Nach einem Hinweis aus Nordkehdingen, ein Brieftaubenzüchter könnte die Greife zum Schutz seiner wertvollen Tiere getötet haben, fragte das WOCHENBLATT bei Werner Busack (76) aus Geversdorf nach. Er ist Vorsitzender des Taubenzüchtervereins „Olympia“ und Mitglied der Brieftauben-Reisevereinigung Land Hadeln, die in Neuhaus eine Brieftauben-Sammelstation betreibt. Busack schließt einen Zusammenhang aus. Der Seeadler sei keine Bedrohung für die flinken und wendigen Brieftauben. Auch gegen Bussarde würden sich Brieftauben in der Regel erfolgreich zur Wehr setzen: „Sie fliegen im Schwarm auf den Bussard zu und schlagen ihn in die Flucht“, sagt der Vogelkenner.

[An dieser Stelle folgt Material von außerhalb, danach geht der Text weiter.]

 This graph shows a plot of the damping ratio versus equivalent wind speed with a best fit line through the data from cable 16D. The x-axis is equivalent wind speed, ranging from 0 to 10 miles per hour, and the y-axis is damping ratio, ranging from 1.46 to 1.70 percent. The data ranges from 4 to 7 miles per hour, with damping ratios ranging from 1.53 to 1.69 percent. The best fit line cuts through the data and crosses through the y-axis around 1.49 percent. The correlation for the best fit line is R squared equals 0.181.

Natürliche Feinde der Brieftauben seien Sperber, Habichte und Falken.
Busack distanziert sich im Namen der Vereinsmitglieder aus moralischen Gründen von den Greifvogel-Tötungen: „Wir schießen nicht auf Tiere.“ Busack, der sich als Ex-Sportschütze mit Waffen auskennt, schließt angesichts der Schlagkraft der Kugel, die von unten den Adlerhorst durchdrang, und der Größe des Einschusslochs im Körper des Adlers, auf das Projektil einer großkalibrigen Jagdwaffe.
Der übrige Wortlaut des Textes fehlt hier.